• RECORDS PROVIDED:

----

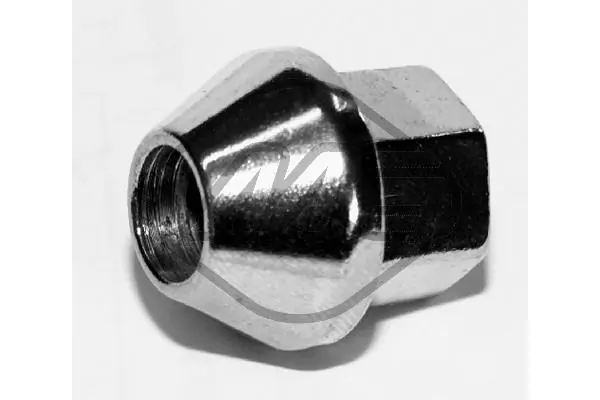 Comprar  Fiesta  F3L, F5L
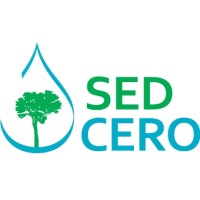 Programa SEDCERO logo, Programa SEDCERO contact details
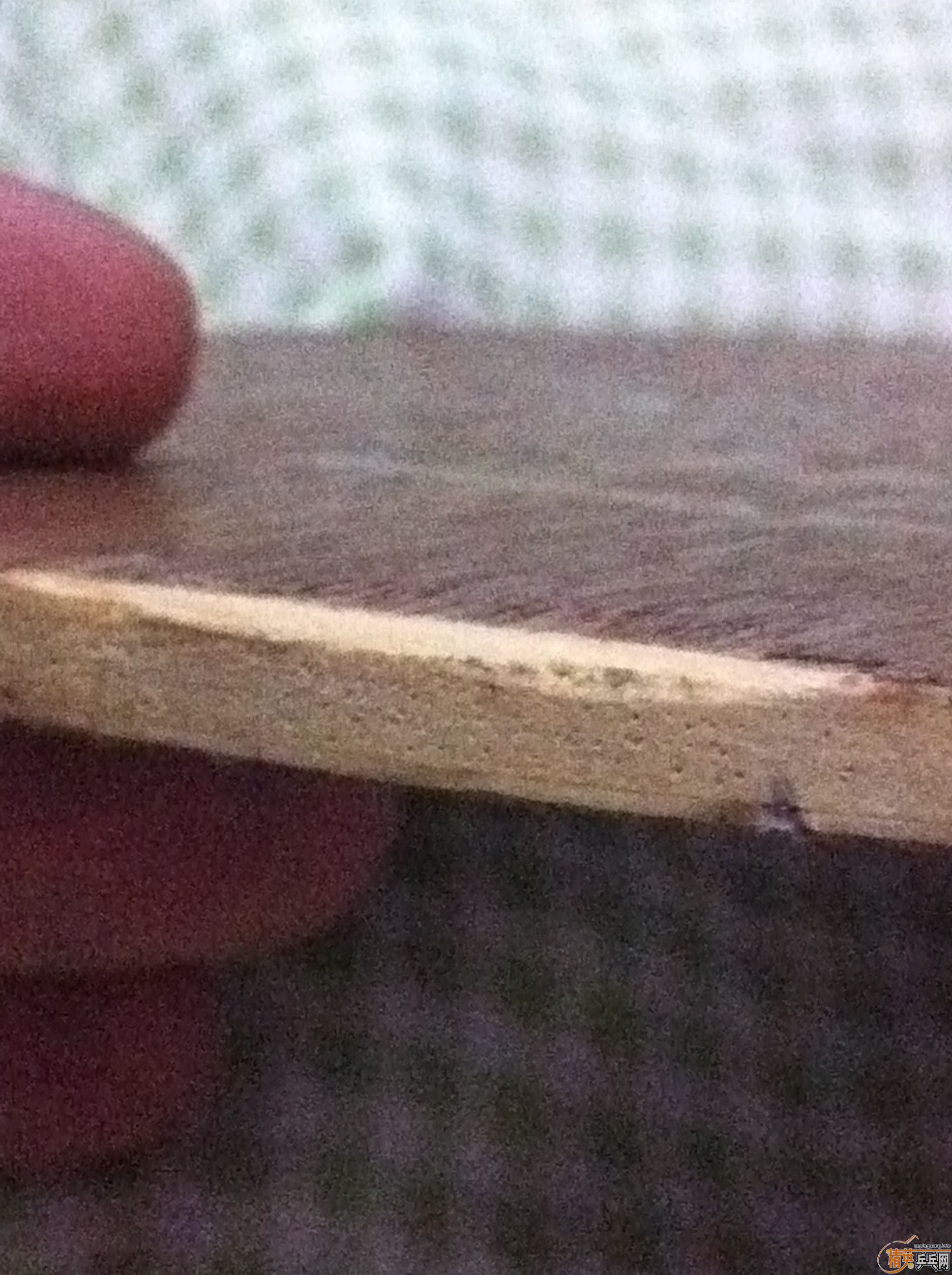 �ϰ��л�yeo�������ͼ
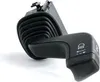 ERA 440228 Lenkstockschalter Kombischalter für OPEL Corsa C Produktbild-Vorschau 11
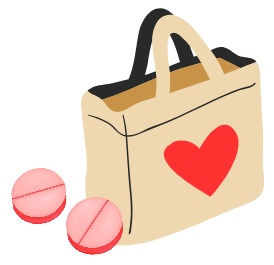 shipping terms
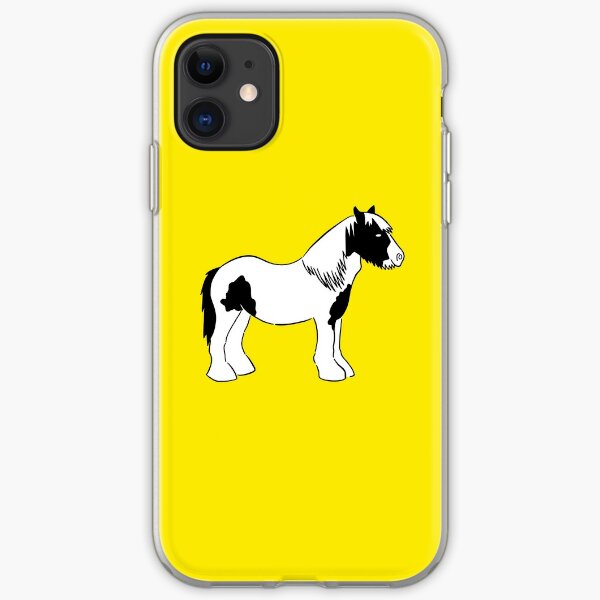 I Love Horses Gifts Merchandise Redbubble - eggsy normal worst games on roblox part 19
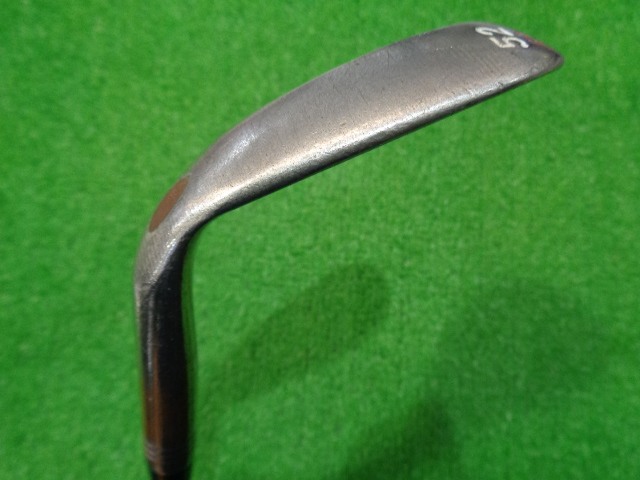 TaylorMade 中古ゴルフ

----

• TRY IT:
Please write out every entry exactly, but skip the pictures.

• SOLUTION FOR THIS TASK:
 Comprar  Fiesta  F3L, F5L
 Programa SEDCERO logo, Programa SEDCERO contact details
 �ϰ��л�yeo�������ͼ
 ERA 440228 Lenkstockschalter Kombischalter für OPEL Corsa C Produktbild-Vorschau 11
 shipping terms
 I Love Horses Gifts Merchandise Redbubble - eggsy normal worst games on roblox part 19
 TaylorMade 中古ゴルフ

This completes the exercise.